This study included 112 eyes of 56 patients. Cataract surgery was uneventful in all cases and there were no intraoperative complications. All patients completed the questionnaire on spectacle dependence and attended the last follow-up visit. The sample comprised of 39 female and 17 male patients between the ages of 55 and 80.
Patient demographic information and surgical procedures are presented in Table
1. Additional procedures were performed on patients to correct astigmatism. This included 10 eyes treated with limbal relaxing incision. Two patients who had previous refractive surgery underwent IOL exchange on the dominant eye to achieve the desired post-operative refraction.
Table 1
Patient Sample Demographics (n = 56)
Participant Age |
55–64 | 14.3 (8) |
65–74 | 64.3 (36) |
75+ | 21.4 (12) |
Gender |
Male | 30.4 (17) |
Female | 69.6 (39) |
Additional Procedures |
Limbal Relaxing Incision OD | 8.9 (5) |
Limbal Relaxing Incision OS | 8.9 (5) |
IOL Exchange OD | 1.8 (1) |
IOL Exchange OS | 1.8 (1) |
Patient reported satisfaction and spectacle use
All patients completed a questionnaire on spectacle use and satisfaction, see Table
3. One question asked patients if the mini-monovision technique met their expectations for decreased dependence on spectacles. This satisfaction scale ranged from 1 to 10, with 1 representing the lowest level of satisfaction and 10 representing the highest level of satisfaction. The research findings show most patients reported cataract surgery with mini-monovision technique met their expectations for decreased dependence on spectacles. On this question 51 (93%) patients reported 7 or higher on a 10-point satisfaction scale, with only one (2%) patient reporting a 3 or less on their level of satisfaction.
Table 3
Patient Reported Spectacle Use and Satisfaction (n = 56)

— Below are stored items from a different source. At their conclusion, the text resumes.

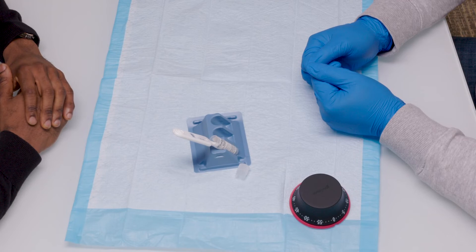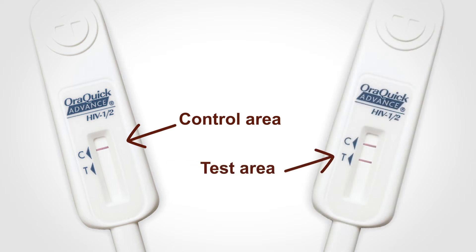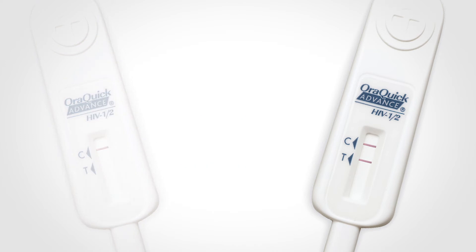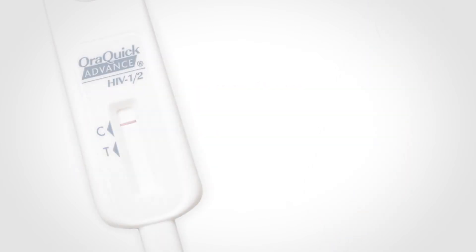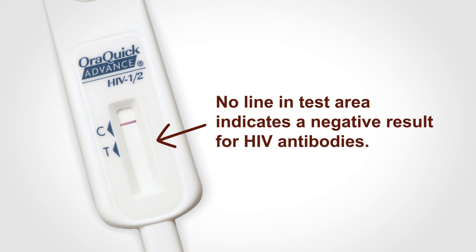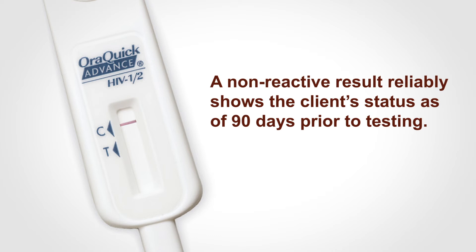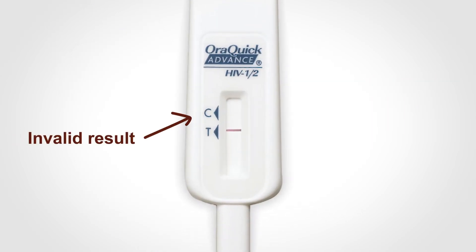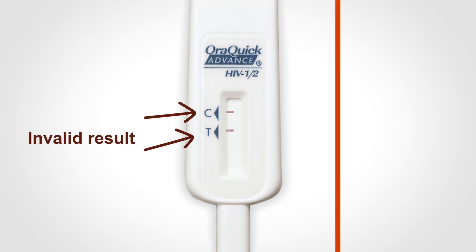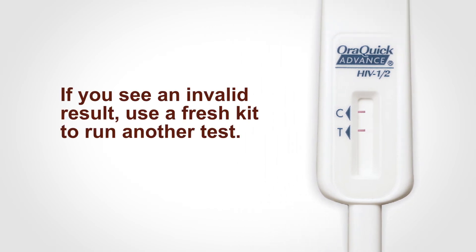After the appropriate time has passed, look for a line in the control area — this shows the test is working correctly. Now look at the test area. A line in the test area indicates a reactive result and is considered to be preliminary positive. A preliminary positive result should be confirmed with a follow-up test. No line in the test area indicates a non-reactive result and is interpreted as negative for HIV antibodies. A non-reactive result reliably shows the client's status as of 90 days prior to testing. A test can be invalid if there isn't a line in the control area, even if you see lines in the test area, or if the lines are not all the way across the strip. If you see an invalid result, use a fresh kit to run another test.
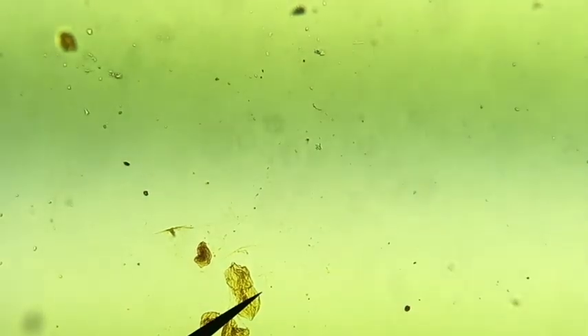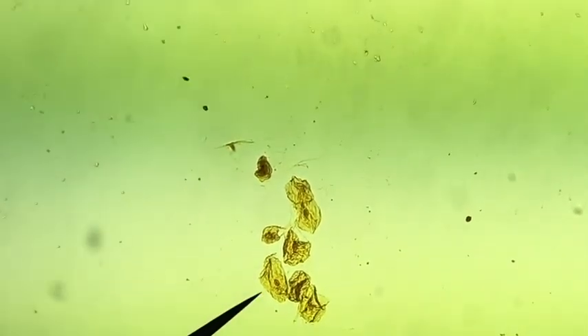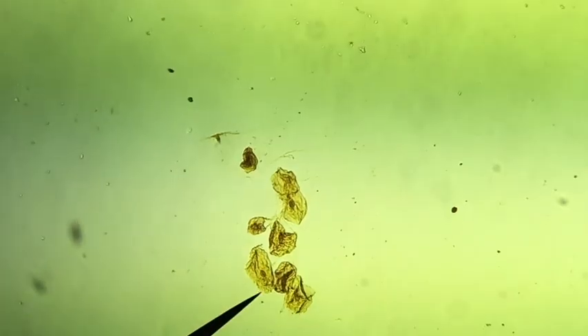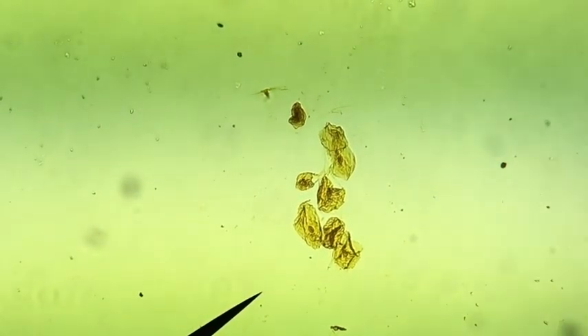I'll move it just a little bit so you can see it easier. There's a good one that hasn't been broken — it's got its nucleus visible. Here's another one that hasn't been broken with the nucleus visible. They're definitely a different shape than the plant cells. I'm going to try that under high power.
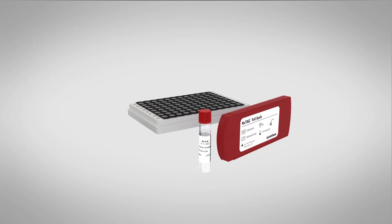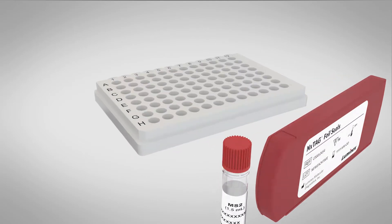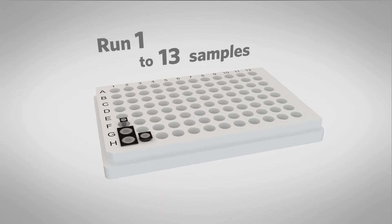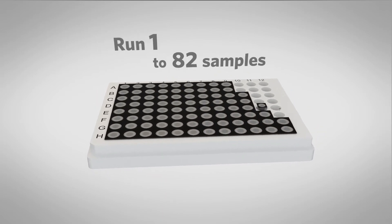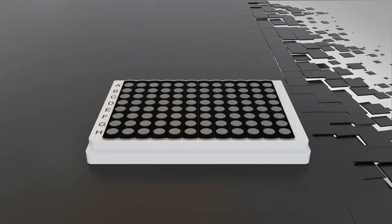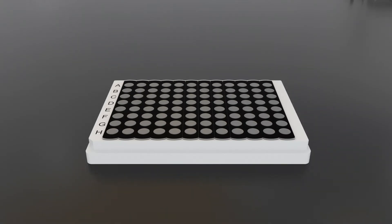The NEXTAG Respiratory Pathogen Panel plus SARS-CoV-2 includes both viral and bacterial pathogens, and the lyophilized pre-plated wells can be separated to run from 1 to up to 96 samples in a single batch. Results are delivered in approximately 3 hours post-extraction by following 3 easy steps in the NEXTAG Chemistry workflow.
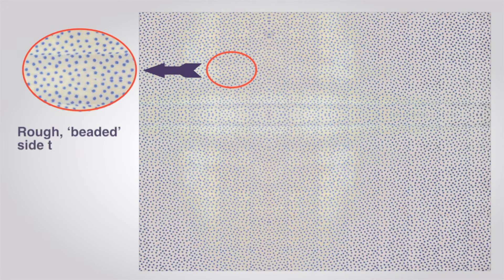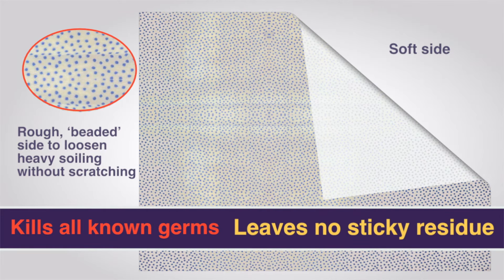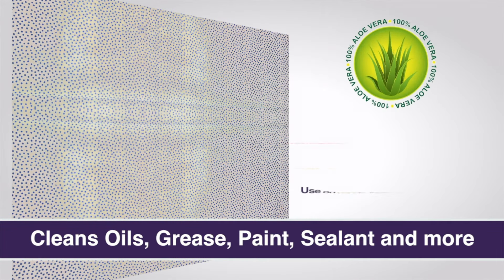They have a rough beaded side to loosen heavy soiling without scratching and a soft side to remove all trace of dirt. The ultra absorbent cloth is also impregnated with aloe vera and antibacterial agents.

1. Time Wearing Glasses for Reading | 0 | 2.4 | 2.8 |
2. Time Wearing Glasses at Computer | 0 | 0.9 | 2.0 |
3. Time Wearing Glasses for Distance | 0 | 0.7 | 1.7 |
4. Time Wearing Glasses for Driving at Night | 0 | 2.1 | 3.8 |
5. Time Wearing Glasses throughout the Day | 0 | 1.6 | 1.6 |
6. Mini-Monovision Surgery Met Patient Expectations for Decreased Dependence on Glasses | 10 | 9.3 | 1.6 |
Questions on spectacle use were based on a frequency scale from 0 to 10, with 0 representing never wearing spectacles and 10 representing always wearing spectacles. Overall, patients reported low use of spectacles for specific activities for distance, mid-range and near functions. Patient report of spectacle use was lowest for computer use, distance viewing, and for general use throughout the day. The majority of patients 51 (93%) reported low scores (0, 1, 2 or 3) for the amount of time they wear spectacles while working on a computer. Likewise, most patients, 51 (93%), also reported low scores (0, 1, 2 or 3) for the amount of time they wear spectacles for distance viewing. Slightly fewer patients, 48 (87%), reported low scores (0, 1, 2 or 3) for the amount of time they wear spectacles throughout the day.
The highest reported use of spectacles was for reading and for driving at night. Most patients, 41 (73%), reported low scores (0, 1, 2, 3) for wearing spectacles for reading, with 5 (9%) patients reported high scores (7, 8, 9, 10). Similarly, 42 patients (76%) reported low scores (0, 1, 2, 3) for wearing spectacles for night driving; however, 11 (18%) patients reported high scores (7, 8, 9, 10) for wearing spectacles for driving at night. The study findings indicate that for most patients cataract surgery with the mini-monovision technique relieved their need for spectacles for distance, mid-range and near functions. Nevertheless, a small number of patients need vision correction with spectacles for reading and driving at night.
Additional analysis
Correlation matrixes and Pearson’s chi-square tests were examined to determine associations between patient demographic variables, visual acuity and satisfaction. No associations were found between gender and post-operative uncorrected visual acuity in the distance eye (Pearson chi2 2.54, P = .467) or near eye (Pearson chi2 3.44, P = .486). No association was found between age and post-operative uncorrected visual acuity in the distance eye (Pearson chi2 54.10, P = .780). However, a statistically significant positive association was found between age and post-operative uncorrected visual acuity in the near eye (Pearson chi2 117.66, P = .009). No associations were found between patient age and patient satisfaction (Pearson chi2 127.24, P = 0.452), nor were there associations between patient gender and satisfaction (Pearson chi2 7.69, P = 0.262). A statistically significant positive association was found between post-surgery uncorrected visual acuity and patient satisfaction, indicating that patients with better vision were more satisfied with cataract surgery involving the mini-monovision technique (Pearson chi2 30.32, P = .034).